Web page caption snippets
Segment Open

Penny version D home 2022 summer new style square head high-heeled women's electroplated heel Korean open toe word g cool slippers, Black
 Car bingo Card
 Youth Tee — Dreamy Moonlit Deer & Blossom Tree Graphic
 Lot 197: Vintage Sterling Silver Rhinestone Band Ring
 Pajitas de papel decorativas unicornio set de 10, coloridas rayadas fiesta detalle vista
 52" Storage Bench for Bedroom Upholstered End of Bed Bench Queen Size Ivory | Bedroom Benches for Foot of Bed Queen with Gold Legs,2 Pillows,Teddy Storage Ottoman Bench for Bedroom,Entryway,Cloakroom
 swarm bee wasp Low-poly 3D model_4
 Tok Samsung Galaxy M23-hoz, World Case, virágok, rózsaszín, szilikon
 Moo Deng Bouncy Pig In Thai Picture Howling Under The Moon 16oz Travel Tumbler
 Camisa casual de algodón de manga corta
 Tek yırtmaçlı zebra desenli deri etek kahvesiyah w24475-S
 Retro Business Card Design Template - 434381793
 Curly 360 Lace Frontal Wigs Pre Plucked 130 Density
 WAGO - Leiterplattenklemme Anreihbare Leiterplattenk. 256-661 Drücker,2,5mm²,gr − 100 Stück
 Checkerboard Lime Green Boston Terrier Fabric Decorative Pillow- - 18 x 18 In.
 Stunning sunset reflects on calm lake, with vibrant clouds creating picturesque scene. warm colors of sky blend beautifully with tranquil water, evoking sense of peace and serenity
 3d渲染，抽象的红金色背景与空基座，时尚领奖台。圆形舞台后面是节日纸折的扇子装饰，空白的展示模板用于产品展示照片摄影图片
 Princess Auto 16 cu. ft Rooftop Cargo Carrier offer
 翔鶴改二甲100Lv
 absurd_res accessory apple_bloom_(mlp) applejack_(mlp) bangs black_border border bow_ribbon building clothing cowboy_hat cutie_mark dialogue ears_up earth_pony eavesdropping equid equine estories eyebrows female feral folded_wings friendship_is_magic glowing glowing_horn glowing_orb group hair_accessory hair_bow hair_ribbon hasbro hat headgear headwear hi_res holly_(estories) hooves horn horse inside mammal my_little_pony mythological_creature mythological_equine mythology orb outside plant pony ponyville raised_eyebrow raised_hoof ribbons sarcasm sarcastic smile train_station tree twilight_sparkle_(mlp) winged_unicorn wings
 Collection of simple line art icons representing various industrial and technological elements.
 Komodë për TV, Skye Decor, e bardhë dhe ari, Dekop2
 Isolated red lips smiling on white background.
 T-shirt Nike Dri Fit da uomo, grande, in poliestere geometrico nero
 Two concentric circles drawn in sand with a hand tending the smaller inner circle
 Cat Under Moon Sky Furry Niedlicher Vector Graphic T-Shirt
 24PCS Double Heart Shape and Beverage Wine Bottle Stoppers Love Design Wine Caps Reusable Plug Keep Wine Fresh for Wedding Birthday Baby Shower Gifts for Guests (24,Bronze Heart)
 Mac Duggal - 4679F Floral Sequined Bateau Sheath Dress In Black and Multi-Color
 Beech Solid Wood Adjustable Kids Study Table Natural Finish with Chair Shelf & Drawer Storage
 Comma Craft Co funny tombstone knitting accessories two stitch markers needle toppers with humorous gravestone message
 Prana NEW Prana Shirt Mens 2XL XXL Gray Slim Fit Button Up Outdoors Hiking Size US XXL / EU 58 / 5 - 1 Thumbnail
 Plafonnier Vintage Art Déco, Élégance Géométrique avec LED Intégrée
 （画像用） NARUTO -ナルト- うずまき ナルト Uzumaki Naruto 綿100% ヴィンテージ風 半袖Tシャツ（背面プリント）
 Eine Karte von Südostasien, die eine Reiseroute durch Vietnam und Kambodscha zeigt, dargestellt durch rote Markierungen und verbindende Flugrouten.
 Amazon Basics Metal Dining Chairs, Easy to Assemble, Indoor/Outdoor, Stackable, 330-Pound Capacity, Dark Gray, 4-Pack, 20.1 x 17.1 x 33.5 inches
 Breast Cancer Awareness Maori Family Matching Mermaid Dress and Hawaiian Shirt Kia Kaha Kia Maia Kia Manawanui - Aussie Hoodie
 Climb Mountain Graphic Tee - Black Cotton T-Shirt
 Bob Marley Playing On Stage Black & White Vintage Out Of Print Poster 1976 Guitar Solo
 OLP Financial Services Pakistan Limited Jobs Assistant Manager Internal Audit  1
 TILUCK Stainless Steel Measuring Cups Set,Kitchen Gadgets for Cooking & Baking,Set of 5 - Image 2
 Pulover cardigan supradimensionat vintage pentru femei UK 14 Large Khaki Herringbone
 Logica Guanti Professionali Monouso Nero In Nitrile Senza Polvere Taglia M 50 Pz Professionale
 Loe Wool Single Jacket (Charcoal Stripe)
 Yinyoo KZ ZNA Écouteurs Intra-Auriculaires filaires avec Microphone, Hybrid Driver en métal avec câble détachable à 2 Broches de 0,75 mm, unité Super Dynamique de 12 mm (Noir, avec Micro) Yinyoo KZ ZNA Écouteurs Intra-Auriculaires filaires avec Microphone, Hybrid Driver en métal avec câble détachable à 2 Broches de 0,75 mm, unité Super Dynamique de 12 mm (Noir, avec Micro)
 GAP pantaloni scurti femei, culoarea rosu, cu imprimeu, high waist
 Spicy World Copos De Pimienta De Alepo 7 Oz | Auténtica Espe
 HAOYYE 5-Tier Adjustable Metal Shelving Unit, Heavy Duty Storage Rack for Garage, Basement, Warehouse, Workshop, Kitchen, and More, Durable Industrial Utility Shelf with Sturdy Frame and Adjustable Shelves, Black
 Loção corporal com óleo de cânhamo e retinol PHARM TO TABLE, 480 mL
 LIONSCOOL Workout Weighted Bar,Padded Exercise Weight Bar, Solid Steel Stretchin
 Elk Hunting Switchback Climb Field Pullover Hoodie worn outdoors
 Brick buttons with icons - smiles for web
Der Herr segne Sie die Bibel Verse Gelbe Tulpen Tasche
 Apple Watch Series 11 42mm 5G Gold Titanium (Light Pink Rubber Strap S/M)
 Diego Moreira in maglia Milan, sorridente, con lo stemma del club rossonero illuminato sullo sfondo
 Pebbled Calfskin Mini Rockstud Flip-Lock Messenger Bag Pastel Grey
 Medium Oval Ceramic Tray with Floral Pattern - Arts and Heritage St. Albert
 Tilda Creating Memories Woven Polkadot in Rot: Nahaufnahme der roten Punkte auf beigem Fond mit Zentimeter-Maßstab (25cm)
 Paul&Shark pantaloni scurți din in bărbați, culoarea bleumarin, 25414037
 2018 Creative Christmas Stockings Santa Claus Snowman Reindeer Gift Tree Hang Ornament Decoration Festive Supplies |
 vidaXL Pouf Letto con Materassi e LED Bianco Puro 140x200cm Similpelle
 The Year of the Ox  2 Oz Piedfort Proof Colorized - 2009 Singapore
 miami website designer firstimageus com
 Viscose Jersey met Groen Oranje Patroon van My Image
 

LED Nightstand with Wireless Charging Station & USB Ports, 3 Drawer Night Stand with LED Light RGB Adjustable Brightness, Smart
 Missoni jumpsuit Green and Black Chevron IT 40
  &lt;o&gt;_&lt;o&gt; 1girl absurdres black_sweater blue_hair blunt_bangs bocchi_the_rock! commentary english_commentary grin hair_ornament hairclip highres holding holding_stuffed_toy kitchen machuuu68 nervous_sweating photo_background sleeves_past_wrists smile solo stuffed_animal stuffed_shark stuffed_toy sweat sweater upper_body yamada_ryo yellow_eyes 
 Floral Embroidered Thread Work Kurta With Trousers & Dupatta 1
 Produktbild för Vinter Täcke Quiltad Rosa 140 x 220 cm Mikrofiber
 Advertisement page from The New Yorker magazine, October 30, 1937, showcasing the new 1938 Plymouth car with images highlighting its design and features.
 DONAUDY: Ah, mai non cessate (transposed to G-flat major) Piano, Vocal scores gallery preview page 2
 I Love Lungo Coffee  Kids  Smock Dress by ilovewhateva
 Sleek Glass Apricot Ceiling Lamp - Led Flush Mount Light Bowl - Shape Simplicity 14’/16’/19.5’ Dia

Segment Closed

#### Work required
Take the lines above from the first through the one containing "Pajitas de papel" and reproduce them exactly; include nothing else.

#### Written solution
Penny version D home 2022 summer new style square head high-heeled women's electroplated heel Korean open toe word g cool slippers, Black
 Car bingo Card
 Youth Tee — Dreamy Moonlit Deer & Blossom Tree Graphic
 Lot 197: Vintage Sterling Silver Rhinestone Band Ring
 Pajitas de papel decorativas unicornio set de 10, coloridas rayadas fiesta detalle vista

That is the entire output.